Imagine a scenario where the cost of buying 1 VET on Vexchange is 200 DAI (which is calculated by calling getAmountIn with 1 VET specified as an exact output), and on Oasis (or any other trading venue), 1 VET buys 220 DAI. To anyone with 200 DAI available, this situation represents a risk-free profit of 20 DAI. Unfortunately, you may not have 200 DAI lying around. With flash swaps, however, this risk-free profit is available for anyone to take as long as they’re able to pay gas fees.

Withdrawing VET from Vexchange

The first step is to optimistically withdraw 1 VET from Vexchange via a flash swap. This will serve as the capital that we use to execute our arbitrage. Note that in this scenario, we’re assuming that:

  • 1 VET is the pre-calculated profit-maximizing trade
  • The price has not changed on Vexchange or Oasis since our calculation

It may be the case that we’d like to calculate the profit-maximizing trade on-chain at the moment of execution, which is robust to price movements. This can be somewhat complex, depending on the strategy being executed. However, one common strategy is trading as profitably as possible against a fixed external price. (This price may be e.g. the average execution price of one or more orders on Oasis.) If the Vexchange market price is far enough above or below this external price, the following example contains code that calculates the amount to trade over Vexchange for maximum profit: VexchangeV2Router02.sol.

testlogoVexchangeV2Router02.sol

Trade at External Venue

Once we’ve obtained our temporary capital of 1 VET from Vexchange, we now can trade this for 220 DAI on Oasis. Once we’ve received the DAI, we need to pay Vexchange back. We’ve mentioned that the amount required to cover 1 VET is 200 DAI, calculated via getAmountIn. So, after sending 200 of the DAI back to the Vexchange pair, you’re left with 20 DAI of profit!

Instant Leverage

Flash swaps can be used to improve the efficiency of levering up using lending protocols and Vexchange.

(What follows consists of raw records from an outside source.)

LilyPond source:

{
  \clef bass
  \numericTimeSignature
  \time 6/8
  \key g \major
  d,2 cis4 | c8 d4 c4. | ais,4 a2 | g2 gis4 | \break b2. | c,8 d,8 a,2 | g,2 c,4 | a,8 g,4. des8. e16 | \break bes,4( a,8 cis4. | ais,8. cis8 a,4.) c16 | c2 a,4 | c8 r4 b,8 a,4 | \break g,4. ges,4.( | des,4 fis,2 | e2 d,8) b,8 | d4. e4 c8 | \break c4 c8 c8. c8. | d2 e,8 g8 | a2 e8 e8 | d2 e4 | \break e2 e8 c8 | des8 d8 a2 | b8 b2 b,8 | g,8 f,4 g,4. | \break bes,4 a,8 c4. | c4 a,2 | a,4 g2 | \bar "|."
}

Consider Maker in its simplest form: a system which accepts VET as collateral and allows DAI to be minted against it while ensuring that the value of the VET never drops below 150% of the value of the DAI.

Say we use this system to deposit a principal amount of 3 VET, and mint the maximum amount of DAI. At a price of 1 VET / 200 DAI, we receive 400 DAI. In theory, we could lever this position up by selling the DAI for more VET, depositing this VET, minting the maximum amount of DAI (which would be less this time), and repeating until we’ve reached our desired leverage level.

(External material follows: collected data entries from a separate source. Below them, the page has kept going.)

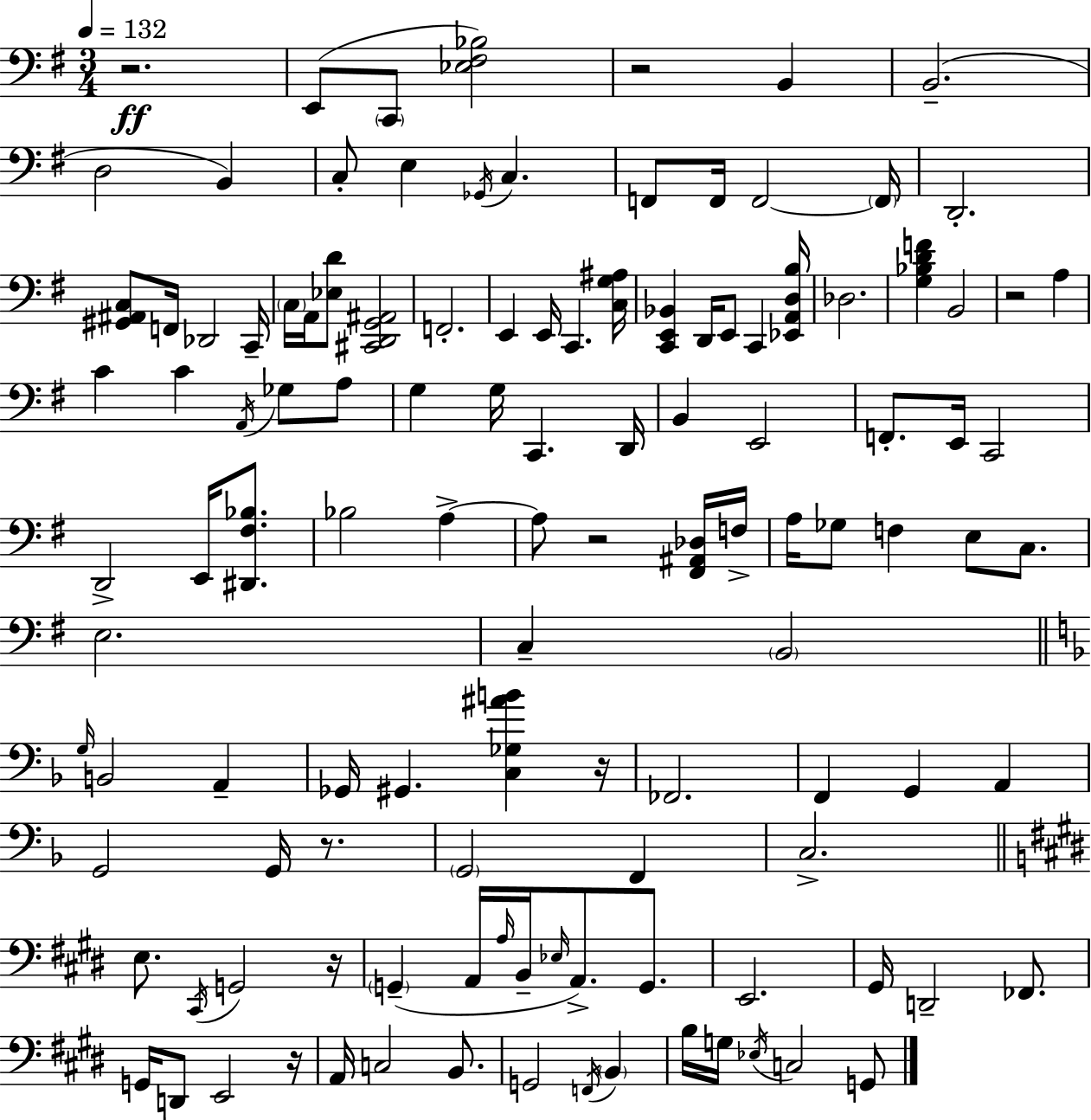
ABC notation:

X:1
T:Untitled
M:3/4
L:1/4
K:Em
z2 E,,/2 C,,/2 [_E,^F,_B,]2 z2 B,, B,,2 D,2 B,, C,/2 E, _G,,/4 C, F,,/2 F,,/4 F,,2 F,,/4 D,,2 [^G,,^A,,C,]/2 F,,/4 _D,,2 C,,/4 C,/4 A,,/4 [_E,D]/2 [^C,,D,,G,,^A,,]2 F,,2 E,, E,,/4 C,, [C,G,^A,]/4 [C,,E,,_B,,] D,,/4 E,,/2 C,, [_E,,A,,D,B,]/4 _D,2 [G,_B,DF] B,,2 z2 A, C C A,,/4 _G,/2 A,/2 G, G,/4 C,, D,,/4 B,, E,,2 F,,/2 E,,/4 C,,2 D,,2 E,,/4 [^D,,^F,_B,]/2 _B,2 A, A,/2 z2 [^F,,^A,,_D,]/4 F,/4 A,/4 _G,/2 F, E,/2 C,/2 E,2 C, B,,2 G,/4 B,,2 A,, _G,,/4 ^G,, [C,_G,^AB] z/4 _F,,2 F,, G,, A,, G,,2 G,,/4 z/2 G,,2 F,, C,2 E,/2 ^C,,/4 G,,2 z/4 G,, A,,/4 A,/4 B,,/4 _E,/4 A,,/2 G,,/2 E,,2 ^G,,/4 D,,2 _F,,/2 G,,/4 D,,/2 E,,2 z/4 A,,/4 C,2 B,,/2 G,,2 F,,/4 B,, B,/4 G,/4 _E,/4 C,2 G,,/2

It’s quite simple to use Vexchange as a liquidity source for the DAI-to-VET component of this process. However, looping through protocols in this way isn’t particularly elegant, and can be gas-intensive.

Luckily, flash swaps enable us to withdraw the full VET amount upfront. If we wanted 2x leverage against our 3 VET principal, we could simply request 3 VET in a flash swap and deposit 6 VET into Maker. This gives us the ability to mint 800 DAI. If we mint as much as we need to cover our flash swap (say 605), the remainder serves as a safety margin against price movements.